The Gift.
Incredible, unthinkable.
That the Author of life would die in willing subjection to it.
He claimed my sin as if He had committed it Himself.
He felt the intense rage of selfish desire in the desert of deceit,
And only resisted by the power of the Word,
So He might identify with me in my despair.
God clothed in human frailty, Jesus.
The only Perfect Life, willingly broken, shamed, despised,
By not a few, but the world.
That I might live.
Oh the Gift!
Then came an invitation
Up out of the grave.
He walked away from the tomb to me.
He saw me where I had hidden, there in my wilderness,
Clutching the Gift that I never deserved.

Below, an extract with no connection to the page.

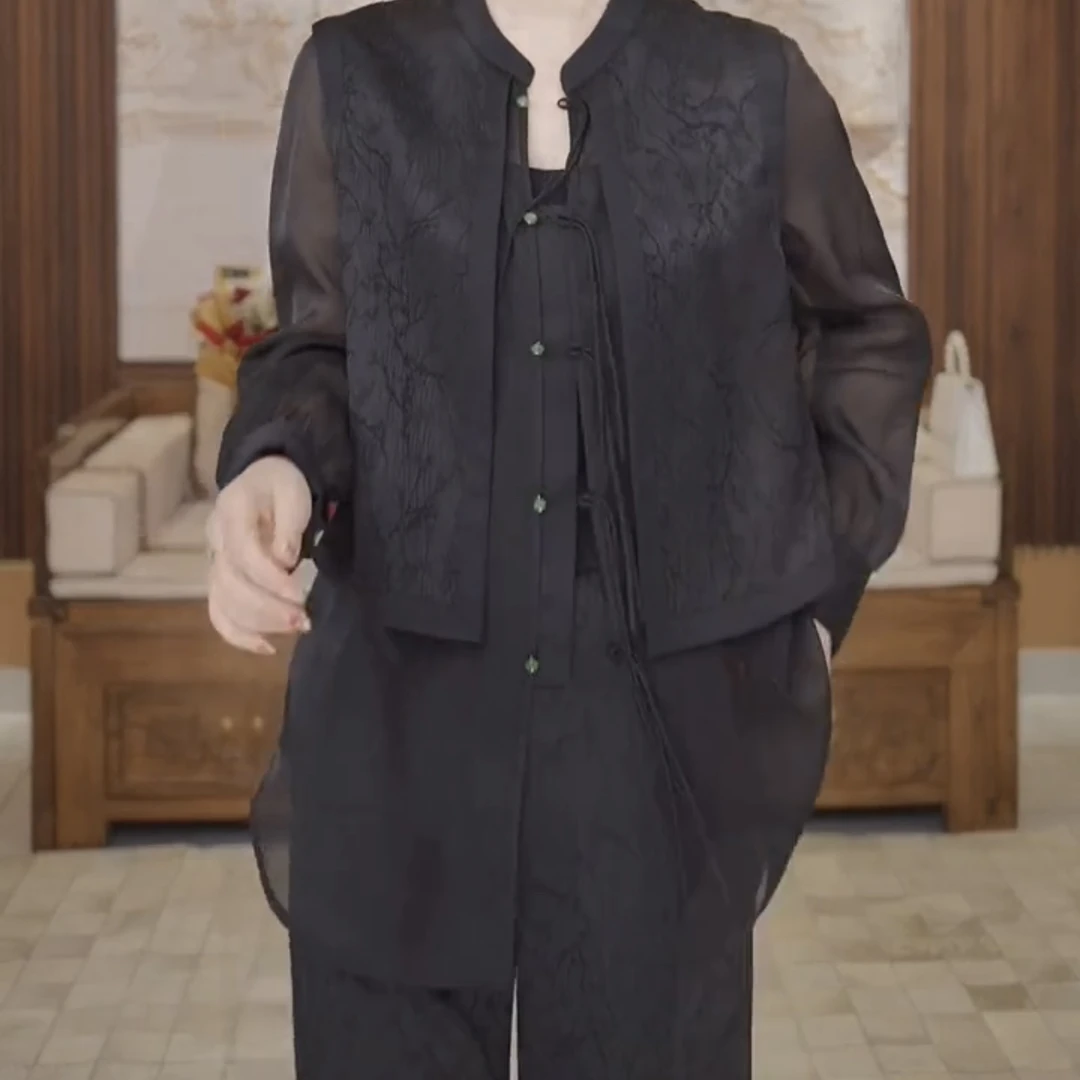 女装上衣加裤子两件套装国风设计新中式时尚气质女装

Would I go with Him? He asked.
His eyes pierced my darkness, drawing me – as I was,
A powerless receiver of His grace.
And we began to walk.
The road narrowed but He held my hand.
Every step revealed a cost, until into view came The cross.
My cross.
And my past,
And my goodbyes,
And my tears.
And my death.
And divine invitation to surrender
On that hill of my cross.
Only by His power could I lift my head and fall to my knees.
To lay it all down.
The Gift had been given freely,
His death for my life.
So on this day I could die to myself,
To receive His life.
My death of self for His Life in me.
Today.
In the here and now.
The Prize.
Oh, the Prize!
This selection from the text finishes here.